* WORK INSTRUCTION: Once you find a line containing the word "color" in the entries below, copy it.

:: DATA PROVIDED ::

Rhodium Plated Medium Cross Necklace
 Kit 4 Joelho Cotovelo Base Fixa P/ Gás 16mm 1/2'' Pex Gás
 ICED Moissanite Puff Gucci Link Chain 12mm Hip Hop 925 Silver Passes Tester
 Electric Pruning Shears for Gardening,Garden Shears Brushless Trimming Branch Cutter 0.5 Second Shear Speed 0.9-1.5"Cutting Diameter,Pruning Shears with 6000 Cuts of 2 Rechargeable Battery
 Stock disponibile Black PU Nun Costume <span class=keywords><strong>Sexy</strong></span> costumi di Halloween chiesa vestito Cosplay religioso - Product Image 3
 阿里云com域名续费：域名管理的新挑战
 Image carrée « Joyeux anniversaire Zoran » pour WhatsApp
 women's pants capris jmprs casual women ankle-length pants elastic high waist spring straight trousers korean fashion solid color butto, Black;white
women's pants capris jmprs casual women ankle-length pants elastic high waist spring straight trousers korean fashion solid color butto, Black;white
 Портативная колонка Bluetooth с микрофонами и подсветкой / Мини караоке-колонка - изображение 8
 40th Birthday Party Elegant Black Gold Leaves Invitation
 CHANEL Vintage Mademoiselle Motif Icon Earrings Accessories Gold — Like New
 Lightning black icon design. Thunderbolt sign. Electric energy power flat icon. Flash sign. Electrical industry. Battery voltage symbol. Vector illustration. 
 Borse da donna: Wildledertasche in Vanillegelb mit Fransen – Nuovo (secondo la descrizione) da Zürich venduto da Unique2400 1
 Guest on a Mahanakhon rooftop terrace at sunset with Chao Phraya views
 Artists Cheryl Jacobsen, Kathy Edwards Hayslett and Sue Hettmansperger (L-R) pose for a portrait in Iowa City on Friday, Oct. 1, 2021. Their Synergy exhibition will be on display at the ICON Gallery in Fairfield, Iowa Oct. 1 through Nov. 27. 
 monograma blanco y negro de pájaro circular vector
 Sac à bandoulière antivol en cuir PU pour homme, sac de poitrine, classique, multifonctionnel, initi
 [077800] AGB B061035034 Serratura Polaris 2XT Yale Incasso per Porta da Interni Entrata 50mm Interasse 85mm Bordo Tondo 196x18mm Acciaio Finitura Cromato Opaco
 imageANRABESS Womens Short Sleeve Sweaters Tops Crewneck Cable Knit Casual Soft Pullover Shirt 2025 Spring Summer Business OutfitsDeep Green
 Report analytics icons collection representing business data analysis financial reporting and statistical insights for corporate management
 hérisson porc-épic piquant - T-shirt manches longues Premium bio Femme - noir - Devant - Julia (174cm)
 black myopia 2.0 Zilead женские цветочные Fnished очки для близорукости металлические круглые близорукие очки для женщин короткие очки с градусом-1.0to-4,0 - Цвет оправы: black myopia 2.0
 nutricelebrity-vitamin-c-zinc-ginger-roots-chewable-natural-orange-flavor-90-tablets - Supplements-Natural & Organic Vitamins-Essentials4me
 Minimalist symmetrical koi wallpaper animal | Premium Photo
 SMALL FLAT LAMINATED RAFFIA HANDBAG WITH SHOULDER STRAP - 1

:::

* RESPONSE FOR THIS EXERCISE:
 women's pants capris jmprs casual women ankle-length pants elastic high waist spring straight trousers korean fashion solid color butto, Black;white
women's pants capris jmprs casual women ankle-length pants elastic high waist spring straight trousers korean fashion solid color butto, Black;white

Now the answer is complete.